DATA EXTRACT:
--- START ---
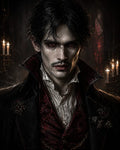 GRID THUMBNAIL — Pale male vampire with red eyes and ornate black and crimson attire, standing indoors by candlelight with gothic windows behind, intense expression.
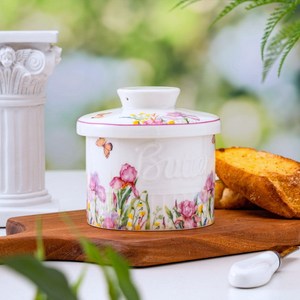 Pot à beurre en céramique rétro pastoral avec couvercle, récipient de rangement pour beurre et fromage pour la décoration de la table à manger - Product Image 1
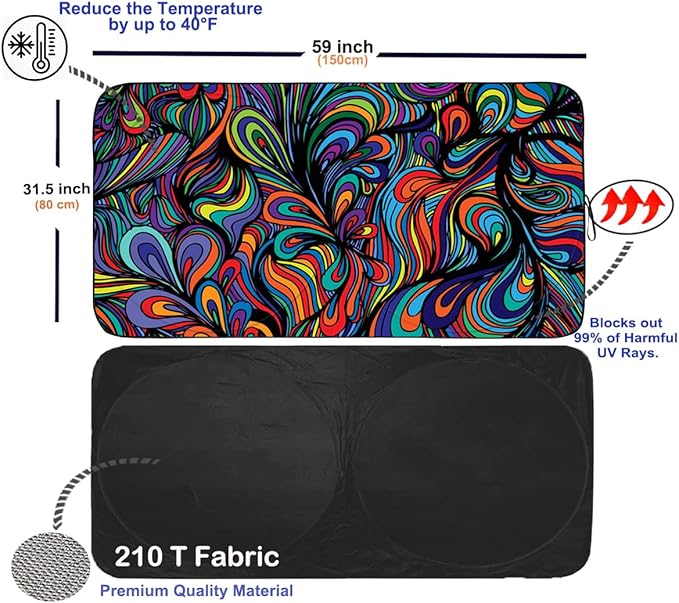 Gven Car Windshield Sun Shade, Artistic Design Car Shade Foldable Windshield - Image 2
--- END ---
PROBLEM:
Write out exactly, and only, the lines from the line holding "Pot à beurre" through the end of the data, inclusive, without any pictures.

RESULT OF THIS EXERCISE:
 Pot à beurre en céramique rétro pastoral avec couvercle, récipient de rangement pour beurre et fromage pour la décoration de la table à manger - Product Image 1
 Gven Car Windshield Sun Shade, Artistic Design Car Shade Foldable Windshield - Image 2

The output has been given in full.